Data items
= = = = =

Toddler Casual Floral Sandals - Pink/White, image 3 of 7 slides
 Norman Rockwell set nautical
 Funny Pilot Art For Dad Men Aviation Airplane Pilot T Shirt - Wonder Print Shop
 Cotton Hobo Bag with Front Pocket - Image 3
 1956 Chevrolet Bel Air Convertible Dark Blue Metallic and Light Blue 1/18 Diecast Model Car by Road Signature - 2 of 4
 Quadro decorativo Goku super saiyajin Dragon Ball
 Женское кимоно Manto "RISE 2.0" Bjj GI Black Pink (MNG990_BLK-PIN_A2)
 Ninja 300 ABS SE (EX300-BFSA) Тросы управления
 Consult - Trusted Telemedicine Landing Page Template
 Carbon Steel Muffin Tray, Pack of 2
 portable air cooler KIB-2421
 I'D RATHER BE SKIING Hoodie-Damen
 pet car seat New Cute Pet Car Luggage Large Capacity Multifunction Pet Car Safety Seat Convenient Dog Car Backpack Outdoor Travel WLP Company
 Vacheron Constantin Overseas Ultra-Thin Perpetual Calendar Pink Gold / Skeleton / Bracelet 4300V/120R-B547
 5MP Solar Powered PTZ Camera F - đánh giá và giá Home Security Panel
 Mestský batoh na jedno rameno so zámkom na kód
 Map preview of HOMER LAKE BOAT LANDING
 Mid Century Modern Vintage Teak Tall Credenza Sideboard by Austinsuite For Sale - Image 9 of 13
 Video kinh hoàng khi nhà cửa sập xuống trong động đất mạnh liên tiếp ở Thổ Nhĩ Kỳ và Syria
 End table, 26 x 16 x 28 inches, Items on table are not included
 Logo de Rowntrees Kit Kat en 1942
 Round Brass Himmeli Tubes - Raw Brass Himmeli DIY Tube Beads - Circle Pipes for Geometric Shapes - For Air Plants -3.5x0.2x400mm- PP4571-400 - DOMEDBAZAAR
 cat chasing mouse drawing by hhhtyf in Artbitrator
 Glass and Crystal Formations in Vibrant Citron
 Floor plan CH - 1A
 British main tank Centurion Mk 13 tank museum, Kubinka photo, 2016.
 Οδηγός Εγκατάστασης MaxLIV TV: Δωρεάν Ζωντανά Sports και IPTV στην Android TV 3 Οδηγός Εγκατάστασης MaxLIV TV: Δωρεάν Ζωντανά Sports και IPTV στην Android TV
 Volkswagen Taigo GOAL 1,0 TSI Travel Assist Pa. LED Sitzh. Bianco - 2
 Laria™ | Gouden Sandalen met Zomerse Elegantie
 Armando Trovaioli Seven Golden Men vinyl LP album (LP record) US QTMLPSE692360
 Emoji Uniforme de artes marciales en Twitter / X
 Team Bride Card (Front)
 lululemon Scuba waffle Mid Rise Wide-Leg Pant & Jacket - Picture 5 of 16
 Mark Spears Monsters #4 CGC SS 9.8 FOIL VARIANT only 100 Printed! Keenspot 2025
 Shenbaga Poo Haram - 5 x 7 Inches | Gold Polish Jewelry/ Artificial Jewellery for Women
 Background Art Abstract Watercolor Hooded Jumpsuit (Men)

= = = = =

§ WHAT IS EXPECTED:
Word for word, give back all the lines above.

§ SOLVED PROBLEM:
Toddler Casual Floral Sandals - Pink/White, image 3 of 7 slides
 Norman Rockwell set nautical
 Funny Pilot Art For Dad Men Aviation Airplane Pilot T Shirt - Wonder Print Shop
 Cotton Hobo Bag with Front Pocket - Image 3
 1956 Chevrolet Bel Air Convertible Dark Blue Metallic and Light Blue 1/18 Diecast Model Car by Road Signature - 2 of 4
 Quadro decorativo Goku super saiyajin Dragon Ball
 Женское кимоно Manto "RISE 2.0" Bjj GI Black Pink (MNG990_BLK-PIN_A2)
 Ninja 300 ABS SE (EX300-BFSA) Тросы управления
 Consult - Trusted Telemedicine Landing Page Template
 Carbon Steel Muffin Tray, Pack of 2
 portable air cooler KIB-2421
 I'D RATHER BE SKIING Hoodie-Damen
 pet car seat New Cute Pet Car Luggage Large Capacity Multifunction Pet Car Safety Seat Convenient Dog Car Backpack Outdoor Travel WLP Company
 Vacheron Constantin Overseas Ultra-Thin Perpetual Calendar Pink Gold / Skeleton / Bracelet 4300V/120R-B547
 5MP Solar Powered PTZ Camera F - đánh giá và giá Home Security Panel
 Mestský batoh na jedno rameno so zámkom na kód
 Map preview of HOMER LAKE BOAT LANDING
 Mid Century Modern Vintage Teak Tall Credenza Sideboard by Austinsuite For Sale - Image 9 of 13
 Video kinh hoàng khi nhà cửa sập xuống trong động đất mạnh liên tiếp ở Thổ Nhĩ Kỳ và Syria
 End table, 26 x 16 x 28 inches, Items on table are not included
 Logo de Rowntrees Kit Kat en 1942
 Round Brass Himmeli Tubes - Raw Brass Himmeli DIY Tube Beads - Circle Pipes for Geometric Shapes - For Air Plants -3.5x0.2x400mm- PP4571-400 - DOMEDBAZAAR
 cat chasing mouse drawing by hhhtyf in Artbitrator
 Glass and Crystal Formations in Vibrant Citron
 Floor plan CH - 1A
 British main tank Centurion Mk 13 tank museum, Kubinka photo, 2016.
 Οδηγός Εγκατάστασης MaxLIV TV: Δωρεάν Ζωντανά Sports και IPTV στην Android TV 3 Οδηγός Εγκατάστασης MaxLIV TV: Δωρεάν Ζωντανά Sports και IPTV στην Android TV
 Volkswagen Taigo GOAL 1,0 TSI Travel Assist Pa. LED Sitzh. Bianco - 2
 Laria™ | Gouden Sandalen met Zomerse Elegantie
 Armando Trovaioli Seven Golden Men vinyl LP album (LP record) US QTMLPSE692360
 Emoji Uniforme de artes marciales en Twitter / X
 Team Bride Card (Front)
 lululemon Scuba waffle Mid Rise Wide-Leg Pant & Jacket - Picture 5 of 16
 Mark Spears Monsters #4 CGC SS 9.8 FOIL VARIANT only 100 Printed! Keenspot 2025
 Shenbaga Poo Haram - 5 x 7 Inches | Gold Polish Jewelry/ Artificial Jewellery for Women
 Background Art Abstract Watercolor Hooded Jumpsuit (Men)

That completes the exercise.